Right now, I have a writing accountability partner that makes sure I honor my commitment to write at least 2 hours/day 6 days/week. I also have a critique partner who helps to humanize my main character when I become too focused on the story.

Vicki Doudera said...

Great post, Jesse.

I am a lone wolf when it comes to my writing. No writers groups, no accountability partners, etc. I do however live in a small, tightly knit community, and I know alot of people. I can't step out of my door without someone asking me about my writing. That helps keep me on track.

So do contracts. Perhaps because I am married to an attorney, I take them super seriously and find there is nothing like a looming deadline to motivate me.

Speaking of that -- I am off to write!

Darrell James said...

Jessie- I started out with a writers group of eight writers, but, unfortunately, I am the only one who has broken into publication. I fly solo now.

Lois Winston said...

I had a critique partner for awhile, but that didn't work out. Then I joined a critique group which eventually dissolved, but one of the other writers and I stayed together as critique partners. It was a great match. We were exactly what the other needed. Unfortunately, she died a few years ago. So, like Vicki, I'm a lone wolf now, but I do have several author friends I can turn to when I need feedback on something. And they know they can count on me for the same.

Sebastian Stuart said...

hey, fun story. congrats. i was in a writing group for years, but it began to feel a little like wheel-spinning; also folks weren't quite sharp enough in their critiques.

How great that you all get along so well and have parlayed it into what I am sure is a very entertaining show.

Jennifer Harlow said...

It must be nice to have such supportive writer friends. I tried the small group thing but it wasn't for me. They all had literary books and I wanted to do genre, and haven't found one since. I usually give my books to two or three beta testers to point out the kinks at the end but the rest of the time I'm on my own. Congrats to you all.

Alan Orloff said...

That's a great story, and a testament to what a great critique group can accomplish. I've been fortunate to have really great critique groups and partners to work with. Luck sure does play a part along the publishing highway, but I've found the harder I work, the luckier I get.

Shannon said...

What a terrific story. I love writers! I've been with two critique groups for years. One of the most fun experiences I've ever had is when two of us published our first books at the same time. Our critique sisters threw us not one, but two champagne joint book launches.

Beth Groundwater said...

What a lovely story, Jesse, of friends helping each other achieve success. I have a similar story with my 6-person critique group that I've belonged to for 10 years now. We've had some turnover, and I'm the only original member left, but I know I wouldn't be published without them. Of the 5 original members, 3 have been published in book-length fiction, 3 in short stories, and all have won or placed in writing contests. We haven't done signings together--mostly because we write in different genres--but I count the members among my closest and dearest friends.

Jessie Chandler said...

Robin, congrats on having that online group as well as your whip-wielding accountability partner! It totally helps :-)

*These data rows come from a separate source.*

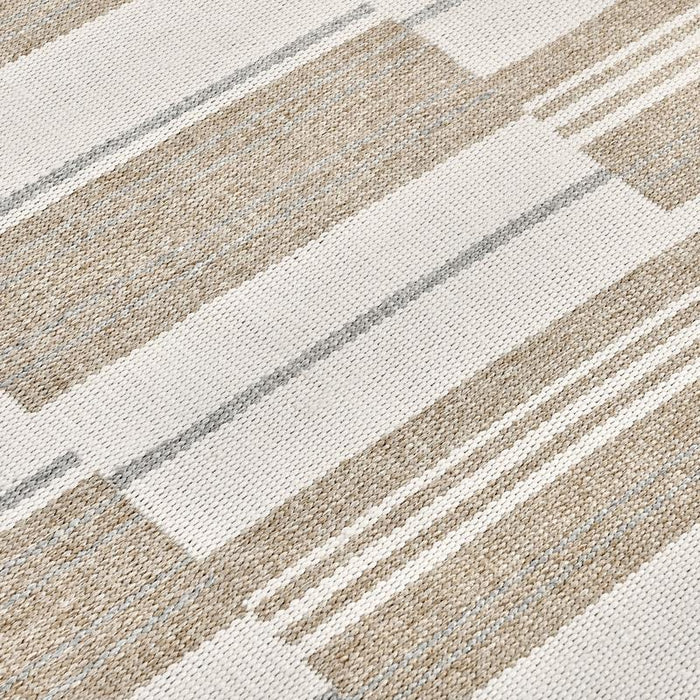 Colton - Indoor/Outdoor Colton Rug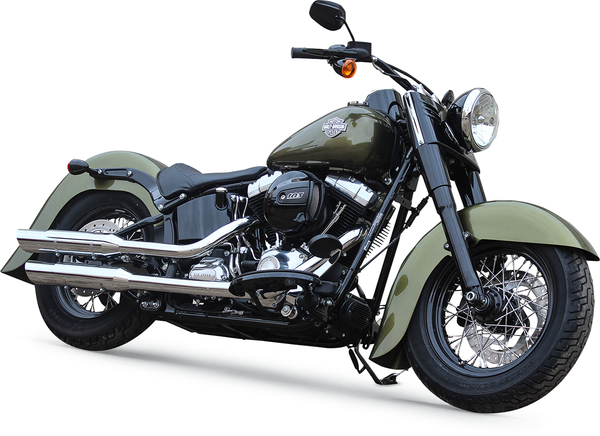 Fender Benchmark Ft 21 | 8185901154570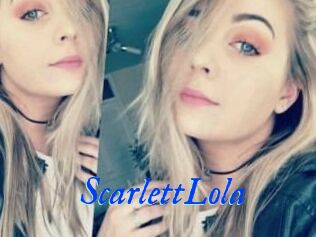 Scarlett_Lola_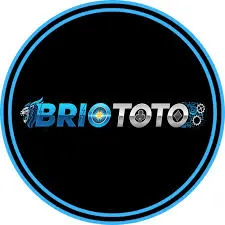 BRIOTOTO - Pertempuran Terhebat dalam Game Battle Royale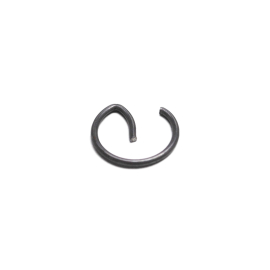 Circlips de Piston 13mm - MALOSSI G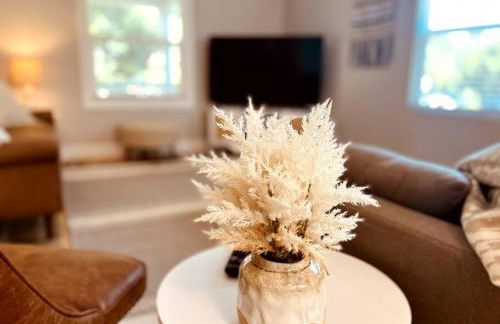 Boho Bliss - Foto 21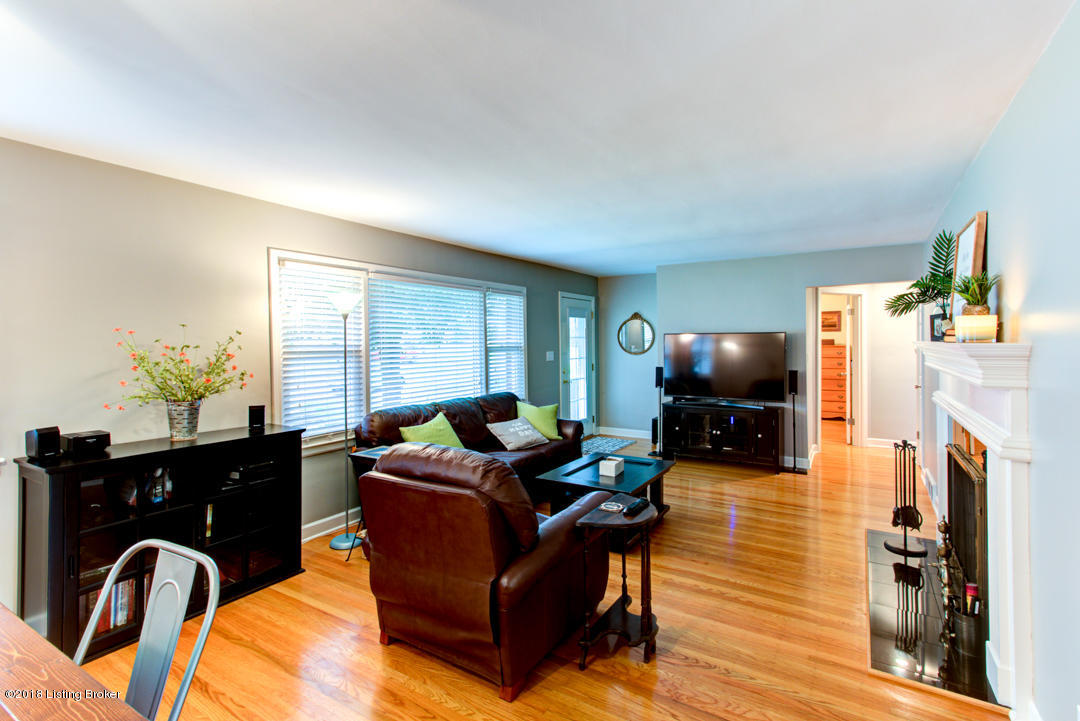 7707 Crestline Rd-7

Vicki, indeed, living in a small town does have its advantages and disadvantages! Contracts totally help LOL

Darrell, congrats on staying with it even if the others didn't.

Lois, I'm sorry to hear about your partner in writing... that's rough stuff. I'm glad you found other authors to play with.

Seb, thanks! We have had some of the same issues with the feedback not being as helpful as it could be, but we are pretty good at asking for more if we need it. That can def get sticky.

Jennifer, we lucked out because we all came out of the mystery class and were interested in that. I'd croak if I had to read literary stuff. I guess I'm a genre snob LOL

Alan, you're right...the harder you work the luckier you become. I do believe that!

Shannon, wooo hooooo on the launch parties!!!!

Beth, your group has done amazing things too! I do believe long term groups are uncommon and uncommonly helpful, if everyone is working together. Do you guys have a name?